武蔵小杉の歴史
「中原街道と武蔵小杉」3 小杉御殿と小杉村
質屋から呉服屋(小林家)
江戸時代から農業のかたわら質屋をやっていた小林家で「質屋」とも呼ばれている旧家である。
小林家は三左衛門から三右衛門と数代にわたり名籍を継ぎ、三右衛門となっている土地の素封家である。
「三右衛門河岸」が、多摩川の小杉御殿の近くに(西丸子小のそば)あり、経済の要衡として栄えた。
この「三右衛門河岸」は、小林三右衛門が特別な権利を有していたと考えられ、江戸中期まで利用されていたようだ。 昭和初期の三右衛門は、中原村長を務めている。
先代の小林英男は、27歳で中原町助役、市に合併後は川崎市水道課長等を歴任された。
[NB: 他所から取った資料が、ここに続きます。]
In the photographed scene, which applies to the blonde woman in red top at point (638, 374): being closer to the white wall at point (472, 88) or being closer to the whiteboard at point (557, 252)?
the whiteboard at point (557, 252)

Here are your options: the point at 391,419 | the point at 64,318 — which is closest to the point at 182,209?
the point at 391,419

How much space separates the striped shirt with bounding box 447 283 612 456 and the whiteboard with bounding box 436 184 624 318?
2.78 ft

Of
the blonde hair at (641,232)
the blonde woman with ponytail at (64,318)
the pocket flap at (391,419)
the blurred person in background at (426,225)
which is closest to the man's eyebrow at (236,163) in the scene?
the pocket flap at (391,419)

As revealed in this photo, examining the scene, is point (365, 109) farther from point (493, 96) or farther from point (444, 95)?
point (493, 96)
戦後は市議会議員となり活躍され川崎市の市政の功労者であった。
郷土の研究に尽力され、川崎郷土研究会の設立に力をそそぎ、2代会長として活躍され後進の指導に努力された。第13回(昭和59年)川崎市文化賞を受賞している。
小林家は大正14(1925)年から質屋をやめて呉服屋を始めた。その頃は街道を利用する農家の人々がよく利用していた。品物は、今と違って下着や反物が多く、自分の家で作る材料を販売するのが専門だった。仕入れは、小杉陣屋町にあった石橋呉服店本店がやっていた。